# Lily pipe or Lily pipe spin?



## Bogey (May 7, 2017)

Hi

I don't know which lily pipe to use for my 10 gallon. I have a eheim 2213 running and I don't know which would be better. A normal lily pipe (more flow then spin) or a lily pipe spin (less flow but much nicer in my opinion).


----------



## Dragonxflare (Jul 1, 2014)

Bogey said:


> Hi
> 
> I don't know which lily pipe to use for my 10 gallon. I have a eheim 2213 running and I don't know which would be better. A normal lily pipe (more flow then spin) or a lily pipe spin (less flow but much nicer in my opinion).

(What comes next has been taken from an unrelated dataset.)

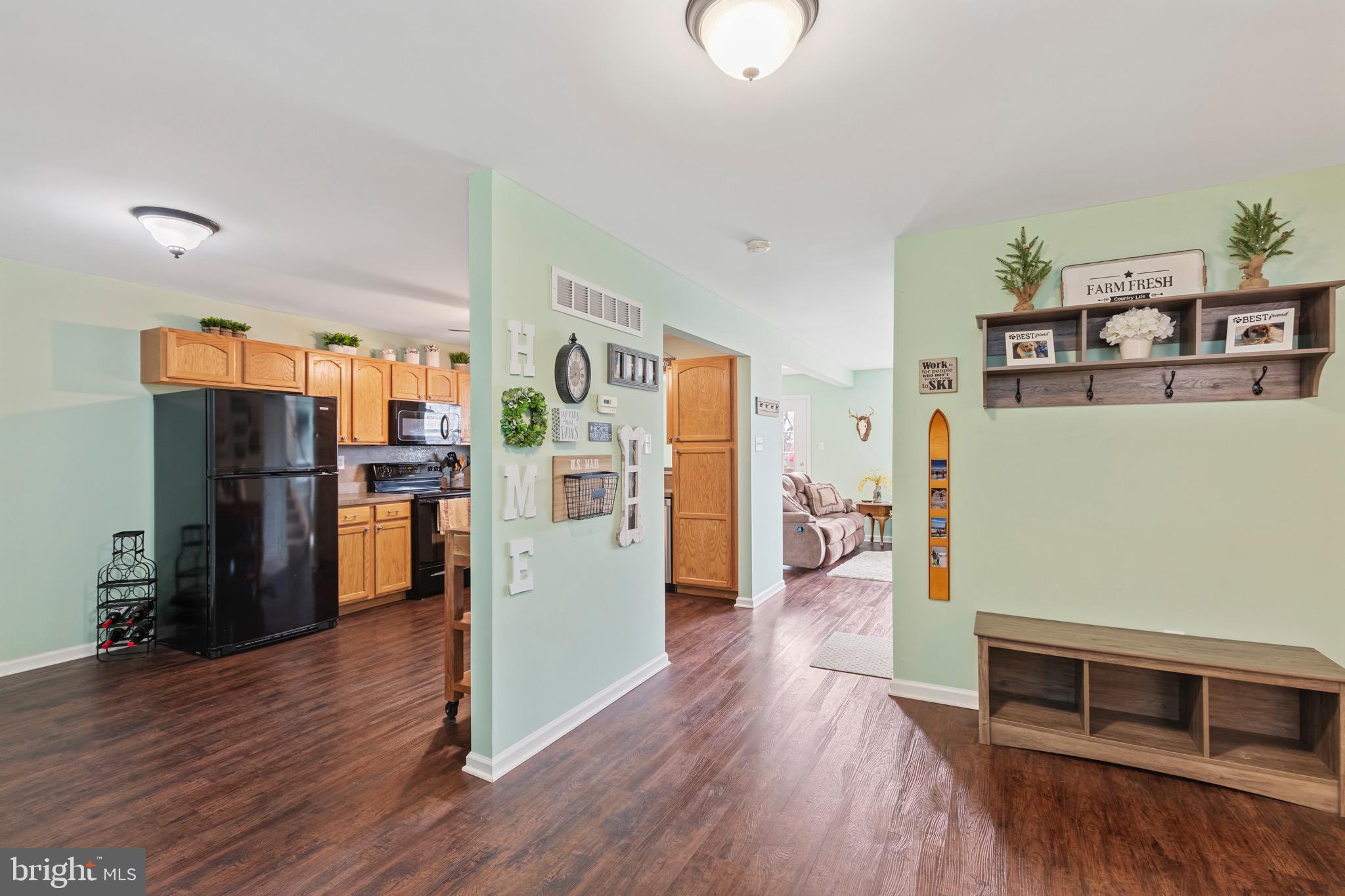 MONTGOMERY MEADOWS - Residential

i went through the same debate. The spin will give you little to no surface movement, which will mean less o2 in the tank (depends if that matters to you).

I ended up going with the pipe, cause I wanted a little surface movement, since It's a shrimp tank (more O2 = happier shrimp).


----------



## Bogey (May 7, 2017)

I don't know what I will use yet. Anyone else have any other opinions?


----------



## ILikeRice (Jul 9, 2017)

Well, do you have any inhabitants in the tank? I found that more flow=better growth and less algae..


----------



## Bogey (May 7, 2017)

It's a planted tank that is going to be high tech soon.


----------



## doylecolmdoyle (Sep 22, 2015)

I have used both in my 12g bookshelf tank, the ball style outlet isnt the best for any setup where you want decent flow, I would go with a normal lilly pipe or even jet style glass pipe, the ball style is kind of useless, maybe good for a small cube or something.


----------



## Dragonxflare (Jul 1, 2014)

High tech or low tech, it will still need flow in the tank, and the spinning one won't give you much flow


----------



## Pattern8 (Dec 9, 2015)

I have used both the spin and poppy style. I would recommend them for the most delicate fauna, i.e. Rosetail Betta. Would avoid them though if you have any slow growing plants such as anubias


----------



## thanatopsian (Dec 11, 2016)

What animals will you keep? I would consider a spin pipe only for fish that like "flooded forest" or "rice field" environments. The only fish that come to mind are beta fish and CPDs. The rest i would go regular lilly pipe, unless your canister is too powerful for your tank. Then i would consider poppy.

Sent from my SM-N920V using Tapatalk


----------



## Bogey (May 7, 2017)

Alright I'll go with the normal type.


----------